政治家の発言や選挙情勢が価格変動につながるミームコインは、これまでも存在しました。LAPTOPは将来の政治・市場イベントを供給量の減少や寄付に反映することで、その関係をトークン設計として明示しています。継続的に話題を生み出しやすい反面、需給が政治情勢や市場心理に強く影響される構造でもあります。
価値形成は実用性より話題性に依存
技術上の発行主体は、英領バージン諸島に設立されたPhoenix Veritas Ventures Ltdです。LAPTOPはBase上のERC-20トークンとして発行され、公式サイトにはコントラクトアドレスが掲載されています。スマートコントラクトはセキュリティ企業Hackenの監査を受け、確認された軽微な問題などは最終報告書の発行前に修正されたとしています。
LAPTOPには、企業の所有権や収益分配、議決権、商品・サービスの利用権は付与されません。公式ホワイトペーパーは、娯楽とコミュニティ参加を目的とするデジタルコレクティブルと位置づけ、事業収益や裏付け資産に基づく価値を持たないことを明記しています。価格形成はハンター氏の知名度、政治的な話題、コミュニティの関心、投機需要に大きく依存します。

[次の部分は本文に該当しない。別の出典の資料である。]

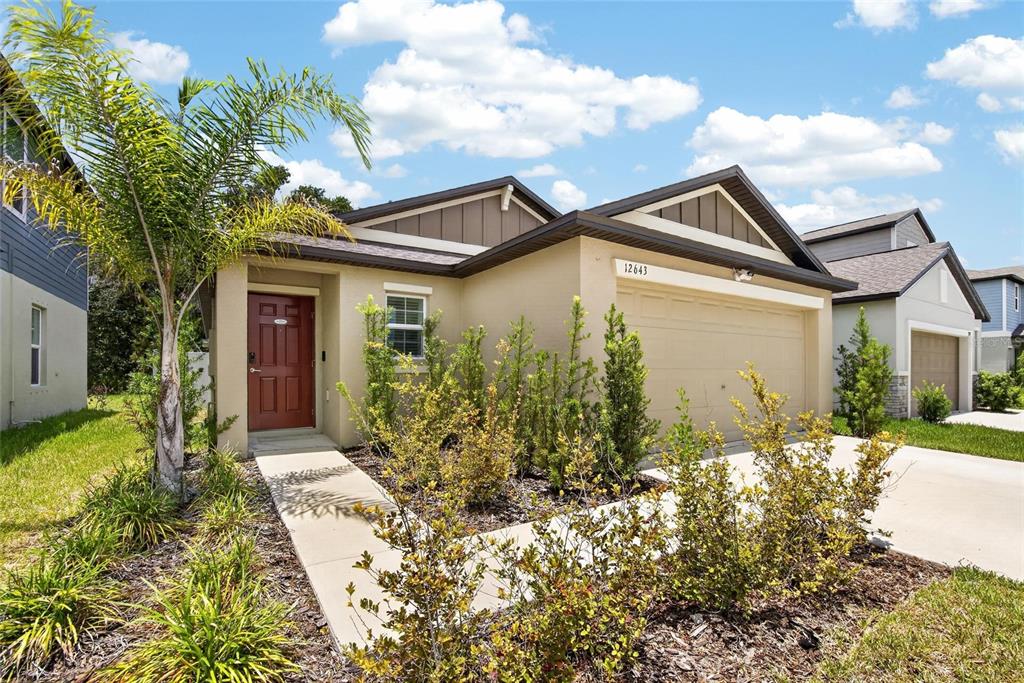 A single-story suburban house features a tan stucco exterior, a red front door, and a garage — 12643 MAPLE BONSAI DRIVE, RIVERVIEW, FL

米SEC企業金融局も2025年2月のスタッフ声明で、一般的なミームコインは市場需要と投機によって価値が形成され、利用機能が限定的か存在しない傾向にあるとの見解を示しました。同声明が想定するミームコインの取引は通常、連邦証券法上の証券取引に該当せず、購入者は同法による保護を受けないと説明しています。ただし、同声明に法的拘束力はなく、個別案件は取引の実態に基づいて判断されます。
正式公開前から模倣トークンの取引が過熱
正式版のローンチを前に、LAPTOPの名称を使った無関係なトークンも相次いで登場しました。The Defiantによると、9月7日の報道から約1時間以内に、Robinhood Chain、Solana、TON、BNB Chainで少なくとも14種類の模倣トークンが確認され、取引額は合計約690万ドルに達しました。

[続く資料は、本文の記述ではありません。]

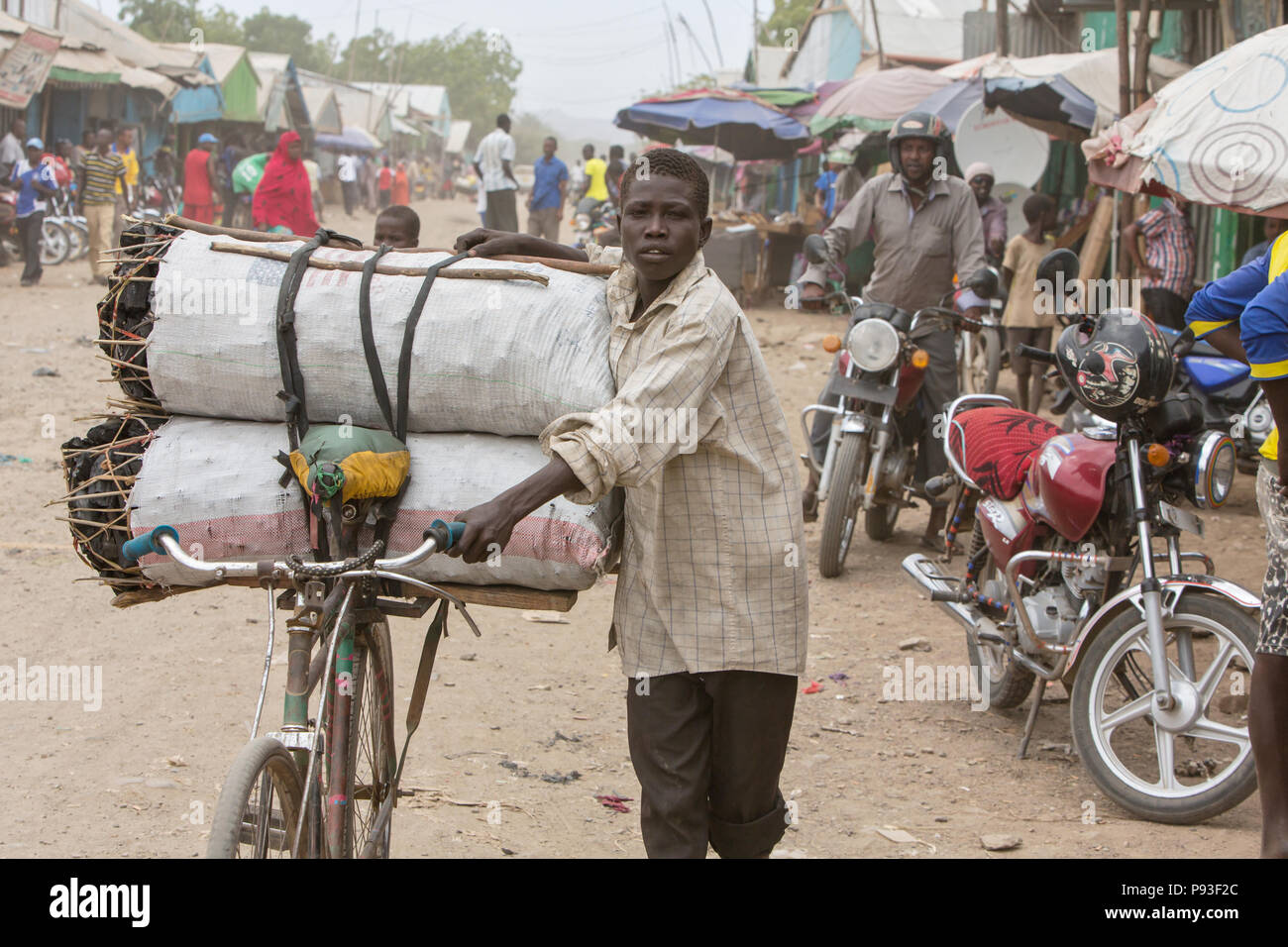 Kakuma, Kenya - Street scene. A boy transports charcoal rope cover on his bike on a busy dirt road. Stock Photo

これらは正式版が採用するBase上のトークンではありません。暗号資産では第三者が同じ名称やティッカーを使ったトークンを容易に作成できるため、取引時にはネットワークと公式コントラクトアドレスの照合が欠かせません。発表直後から多額の取引が発生した状況は、LAPTOPへの関心の高さと、政治ニュースを起点とする投機の過熱を同時に示しています。

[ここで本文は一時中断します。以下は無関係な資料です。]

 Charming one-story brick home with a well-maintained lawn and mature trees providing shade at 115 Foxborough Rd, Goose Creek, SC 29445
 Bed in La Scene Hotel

9月9日の公開後は、TRUMP損失者への配布基準と実際の受取状況に加え、初期流動性、保有の集中度、創設者分のロック状況が焦点になります。政治的な知名度による一時的な取引増加を継続的な市場形成につなげられるかは、エアドロップ後の保有者数や売買状況、予測イベントに基づくバーンの運用から見えてきそうです。